Correcting the Factor Mirage: A Research Protocol for Causal Factor Investing
By Marcos López de Prado & Vincent Zoonekynd, ADIA Lab (2024)
This paper lays the theoretical and methodological groundwork for a new approach to factor investing: one that replaces correlational techniques with causal inference. Building on earlier critiques of p-hacking and data mining, the authors focus on a subtler, more damaging problem—the widespread use of factor models that are statistically valid but causally wrong.
What’s the Problem?
Traditional factor investing relies heavily on tools like linear regression, p-values, and maximising in-sample performance. While this can generate strong backtests, it often leads to poor out-of-sample results because it ignores the true cause-and-effect structure behind returns. The paper introduces the term "factor mirage" to describe this issue: models that appear sound but are based on flawed causal logic.
Two common issues are:
Confounder bias: arises when a hidden variable affects both a factor and asset returns, leading to false attribution.
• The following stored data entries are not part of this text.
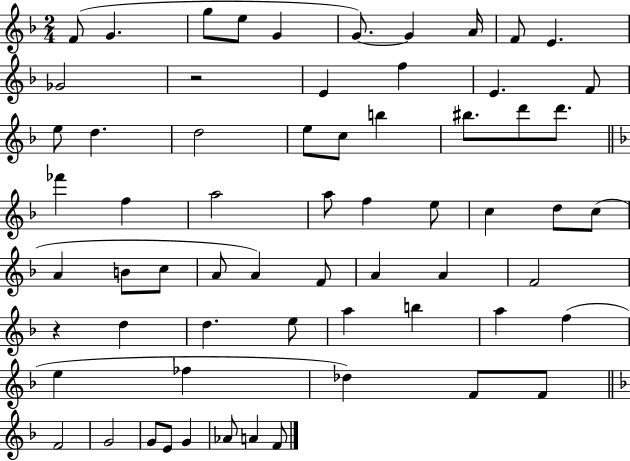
{
  \clef treble
  \numericTimeSignature
  \time 2/4
  \key f \major
  f'8( g'4. | g''8 e''8 g'4 | g'8.~~) g'4 a'16 | f'8 e'4. | \break ges'2 | r2 | e'4 f''4 | e'4. f'8 | \break e''8 d''4. | d''2 | e''8 c''8 b''4 | bis''8. d'''8 d'''8. | \break \bar "||" \break \key f \major fes'''4 f''4 | a''2 | a''8 f''4 e''8 | c''4 d''8 c''8( | \break a'4 b'8 c''8 | a'8 a'4) f'8 | a'4 a'4 | f'2 | \break r4 d''4 | d''4. e''8 | a''4 b''4 | a''4 f''4( | \break e''4 fes''4 | des''4) f'8 f'8 | \bar "||" \break \key d \minor f'2 | g'2 | g'8 e'8 g'4 | aes'8 a'4 f'8 | \break \bar "|."
}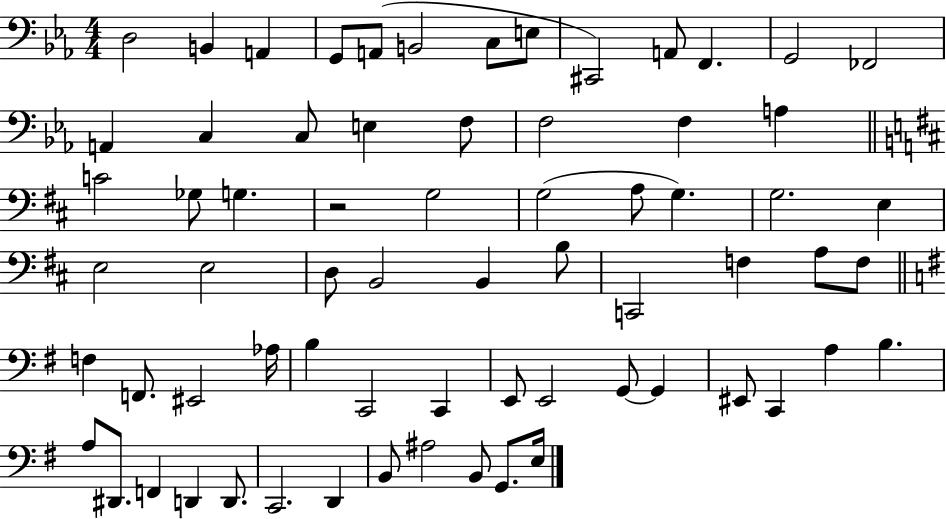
{
  \clef bass
  \numericTimeSignature
  \time 4/4
  \key ees \major
  \repeat volta 2 { d2 b,4 a,4 | g,8 a,8( b,2 c8 e8 | cis,2) a,8 f,4. | g,2 fes,2 | \break a,4 c4 c8 e4 f8 | f2 f4 a4 | \bar "||" \break \key b \minor c'2 ges8 g4. | r2 g2 | g2( a8 g4.) | g2. e4 | \break e2 e2 | d8 b,2 b,4 b8 | c,2 f4 a8 f8 | \bar "||" \break \key g \major f4 f,8. eis,2 aes16 | b4 c,2 c,4 | e,8 e,2 g,8~~ g,4 | eis,8 c,4 a4 b4. | \break a8 dis,8. f,4 d,4 d,8. | c,2. d,4 | b,8 ais2 b,8 g,8. e16 | } \bar "|."
}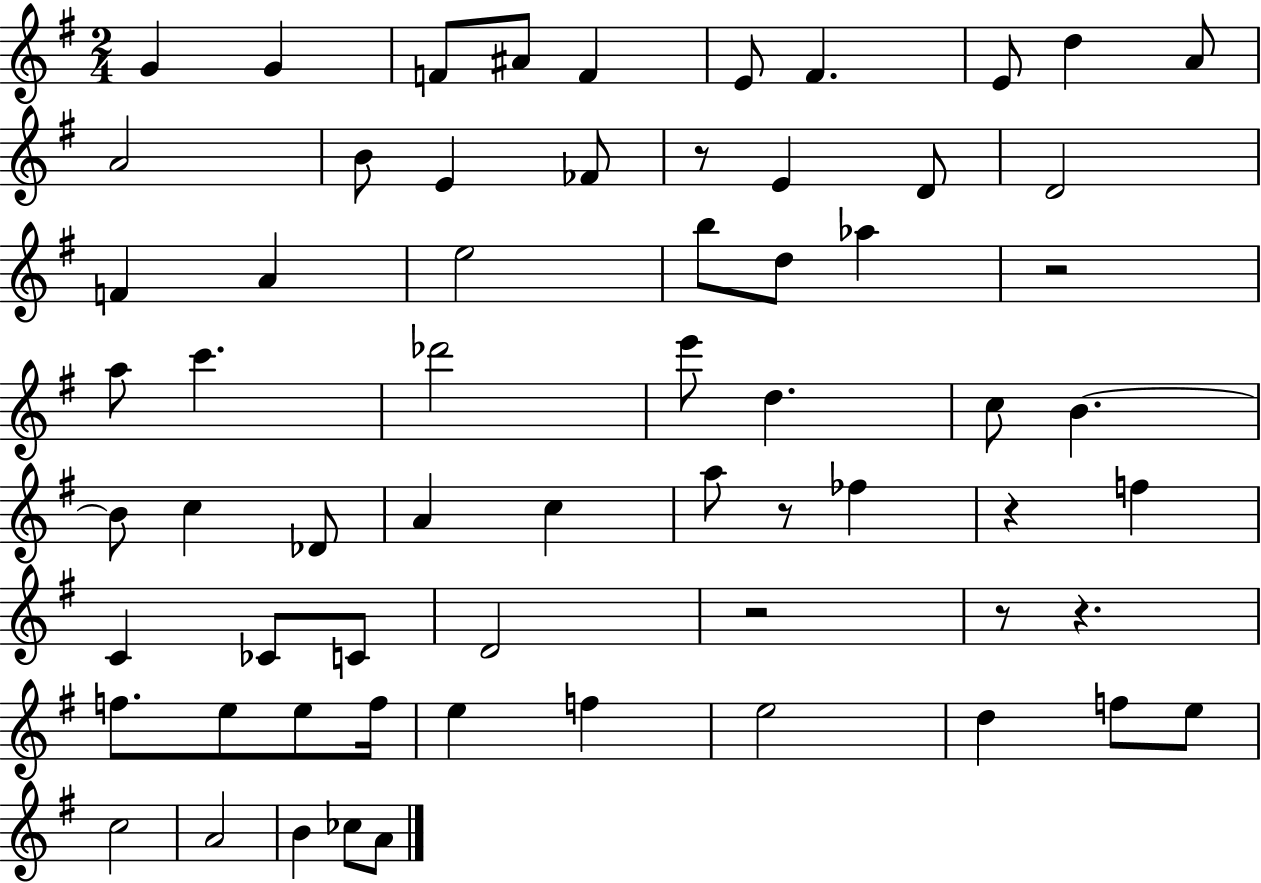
X:1
T:Untitled
M:2/4
L:1/4
K:G
G G F/2 ^A/2 F E/2 ^F E/2 d A/2 A2 B/2 E _F/2 z/2 E D/2 D2 F A e2 b/2 d/2 _a z2 a/2 c' _d'2 e'/2 d c/2 B B/2 c _D/2 A c a/2 z/2 _f z f C _C/2 C/2 D2 z2 z/2 z f/2 e/2 e/2 f/4 e f e2 d f/2 e/2 c2 A2 B _c/2 A/2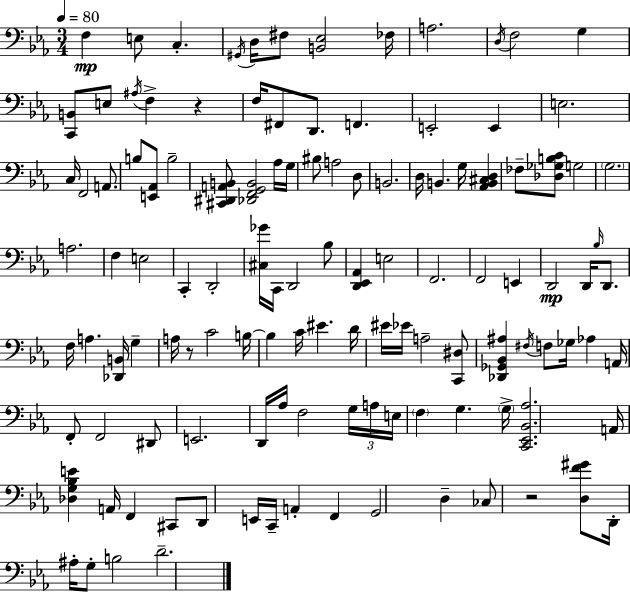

Collider bias: occurs when a model controls for a variable that is the consequence of both a factor and returns, artificially inducing a correlation.
Core Contribution
The authors present a practical seven-step research protocol for designing factor models grounded in causal reasoning rather than naive correlation.
1. Variable Selection
Use machine learning tools (e.g. SHAP values, mutual information) to identify candidate variables related to returns, without assuming linearity.
2. Causal Discovery
Build a directed acyclic graph (DAG) using domain expertise and discovery algorithms (e.g. PC, LiNGAM) to map causal relationships between variables.
3. Causal Adjustment
Apply do-calculus to identify which variables should be controlled for in a regression (i.e. confounders), and which must be excluded (e.g. colliders).
4. Estimating Causal Effects
Use techniques like double machine learning to estimate the magnitude of causal effects and understand whether they explain, predict, or rank asset returns.
5. Portfolio Construction
Translate causal effects into position sizing while minimising exposure to non-causal risks. Include hedging, stress-testing, and tracking distortions from constraints or transaction costs.
6. Backtesting
Avoid relying solely on walk-forward backtests. Use resampling and Monte Carlo simulation to model uncertainty in the data-generating process, incorporating economic theory into simulations.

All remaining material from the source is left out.